Sur le vif - Samedi 08.12.12 - 10.58h
Avec éclat, la Tribune de Genève confirme ce matin le phénomène que je décrivais hier, ici même. Sur une page 3 complète, la réaction du Conseil fédéral à l'initiative de l'UDC sur l'immigration de masse. Avec interview et photographie de Simonetta Sommaruga. Bref, la voix du gouvernement.
Lorsque l'initiative a été déposée, avec les signatures, a-t-elle eu droit à une pleine page équivalente?
L'événement, dans une initiative, ça n'est pas, en premier, le point de vue du Conseil fédéral. Ni celui du Parlement. L'événement, c'est l'initiative elle-même. On pourrait au moins, par souci d'équité, donner le même espace de parole aux initiants qu' au pouvoir établi du moment, lorsqu'il nous dit à quel point, selon lui, l'initiative est mauvaise.

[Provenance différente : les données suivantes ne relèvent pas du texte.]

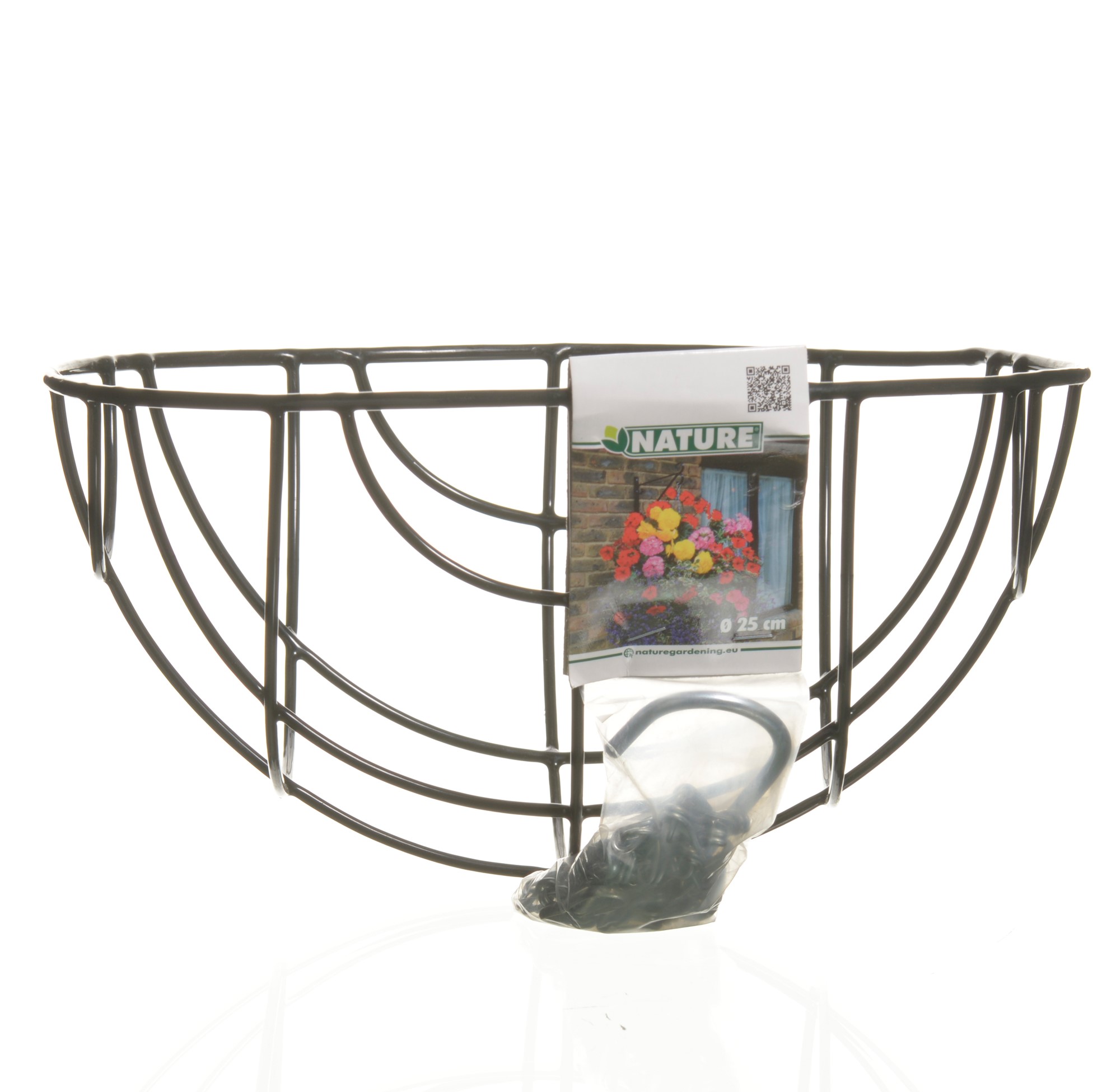 Hanging Basket grijs D35cm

Cela est valable pour une initiative de l'UDC comme pour une initiative de la gauche ou des syndicats. Cela est valable sur le plan fédéral comme dans les cantons. Le problème, ça n'est pas le Conseil fédéral, ça n'est pas Mme Sommaruga: ils ont bien raison d'utiliser l'espace d'expression qu'on leur offre. C'est de bonne guerre. Tous les gouvernements du monde cherchent à communiquer au mieux leurs points de vue.

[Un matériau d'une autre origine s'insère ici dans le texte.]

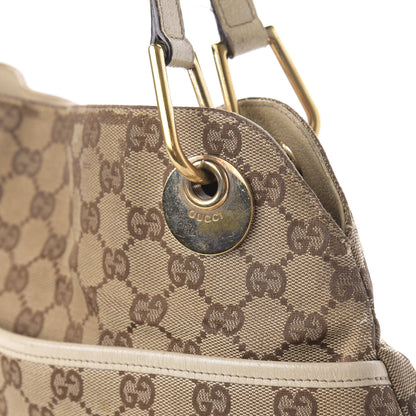 Gucci Monogram Medium Eclipse Shoulder Bag Off White 12 of 13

Le problème, c'est la presse. Et jusqu'au statut même de "correspondant parlementaire" (j'en connais un morceau sur le sujet ! ) : certains, à force de traîner leurs escarpins dans la molasse du Palais fédéral, ne se rendent même plus compte que, même lorsqu'ils croient être critiques, leur tonalité, par mimétisme, est devenue celle du pouvoir en place. Ils sont les voix d'une même polyphonie. Ils ne sont pas la voix du choeur, celle qui dans la tragédie grecque représentait le peuple. Ils sont voix de pouvoir au milieu d'autres voix de pouvoir.
Oui, le problème c'est l'obédience d'une certaine presse - celle des grands groupes, notamment - face aux pouvoirs en place. Le mécanisme correctif de l'initiative est justement une géniale invention de notre démocratie suisse pour laisser s'exprimer la base lorsqu'elle n'est pas contente, sur un objet précis, des décisions des corps constitués. Et justement, le jour où un groupe d'hommes et de femmes, ayant bravé la météo et pris sur leur temps libre pour récolter des signatures, en amènent plus de cent mille à la Chancellerie fédérale, on mentionne la chose en bref. Alors que pour la réaction du pouvoir établi, c'est une page 3 complète et un édito qui va dans le même sens.
Ce qui perdra la presse, en Suisse, c'est la presse elle-même. Son conformisme. Son aplaventrisme devant les pouvoirs en place. Son extrême timidité dans la critiques des puissants. Son manque de réactivité, d'imagination. Son absence de panache. Son incapacité, au sens de l'orgue comme dans celui de la polyphonie, d'émettre véritablement une autre voix.